Time Series Data Analysis

The data is considered in three types.
Time series data analysis. Time series datasets record observations of the same variable independent variable an independent variable is an input assumption or driver that is changed in order to assess its impact on a dependent variable the outcome. In investing a time series tracks the movement of the chosen data points over a specified period of time with data points. Time series data means that data is in a series of particular time periods or intervals. A time series is a sequence of numerical data points in successive order.
Most commonly a time series is a sequence taken at successive equally spaced points in time. A time series is simply a series of data points ordered in time.

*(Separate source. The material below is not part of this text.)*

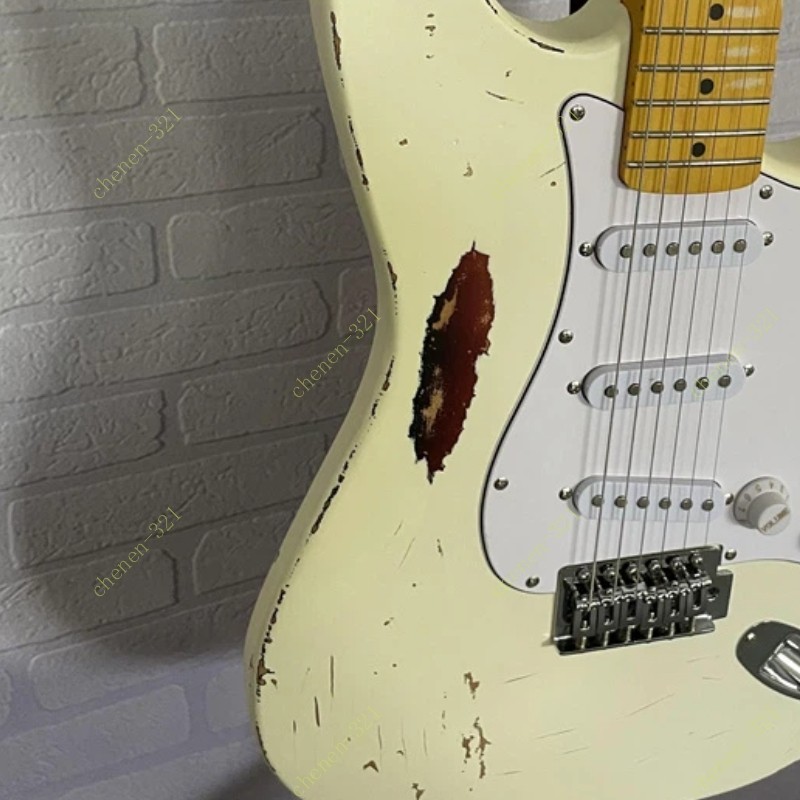 Solid Electric Guitar Stainless Fret Tremolo Bridge Maple Fretboard Aged Cream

A time series is a series of data points indexed or listed or graphed in time order. Time series data analysis is the analysis of datasets that change over a period of time.

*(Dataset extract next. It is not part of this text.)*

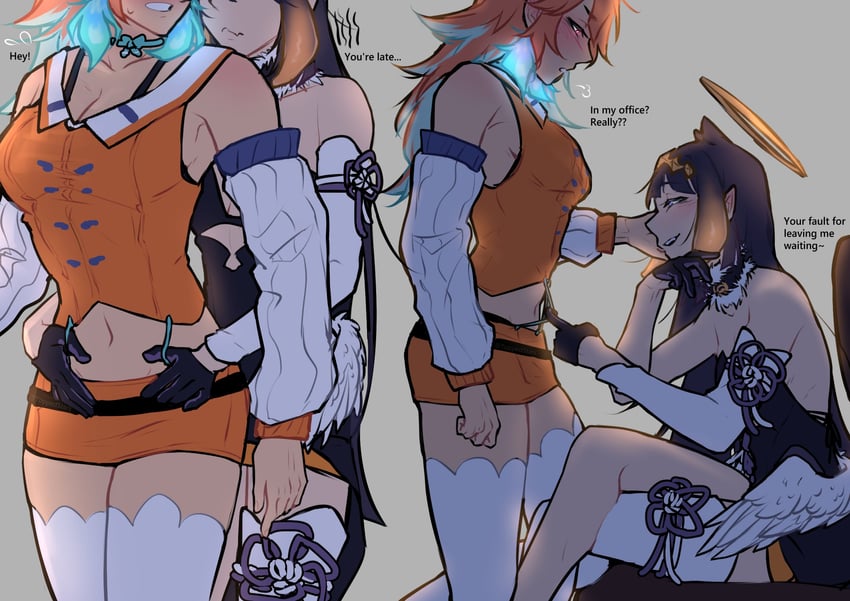 ninomae ina'nis and takanashi kiara (hololive and 1 more) drawn by rei_(_silvertone)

This section will give a brief overview of some of the more widely used techniques in the rich and rapidly growing field of time series modeling and analysis. Time series analysis is a statistical technique that deals with time series data or trend analysis. Time series analysis accounts for the fact that data points taken over time may have an internal structure such as autocorrelation trend or seasonal variation that should be accounted for. In a time series time is often the independent variable and the goal is usually to make a forecast for the future.
Examples of time series are heights of ocean tides counts of sunspots and the daily closing value of the dow jones industrial average. Thus it is a sequence of discrete time data. A set of observations on the values that a variable takes at different times.